Motor speech disorders include two primary categories, apraxia and dysarthria. In order to produce speech, every person must coordinate a range of muscles and muscle groups, including those controlling the larynx with the vocal cords, the lips, the tongue, the jaw and the respiratory system.

Movements must be planned and sequenced by the brain and then put into motion in milliseconds with the correct timing and force of movement as the relevant muscles execute planned movements that create running speech.

Difficulties in this process may result in apraxia or dysarthria, whether occurring in children as a part of development and in-born neurological differences or in adults as the result of injuries, neurological changes or illnesses.

Apraxia of speech, whether acquired or developmental involves a difficulty in planning, sequencing and/or coordinating relevant muscles or muscle groups for speech production.
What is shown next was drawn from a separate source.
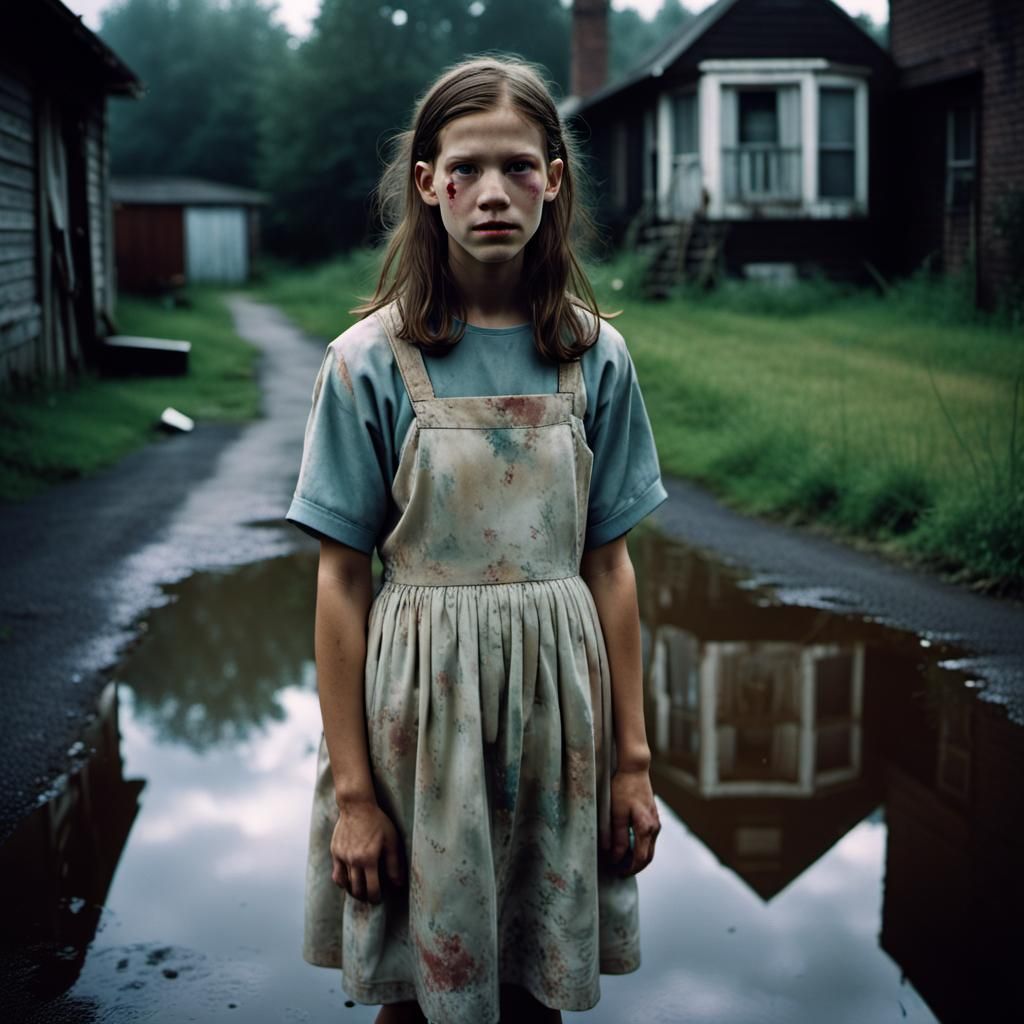 Creepy Smile in Suburbia: A Photorealistic Wasteland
Dysarthria, whether acquired or developmental involves a disturbance in muscle control that results in weakness, slowness and/or incoordination in speech production.

The Northwestern University Center for Audiology, Speech, Language, and Learning provides comprehensive evaluation and therapy services on the Evanston campus. Diagnostic evaluations determine the course of treatment, including frequency and appropriateness of individual and/or group therapy.

The Northwestern University Center for Audiology, Speech, Language, and Learning is a unique community resource that merges university research and innovative teaching with clinical services. Experts in the field – faculty who are nationally certified and state licensed speech-language pathologists – direct provision of clinical services, bringing exceptional knowledge and experience to our clients.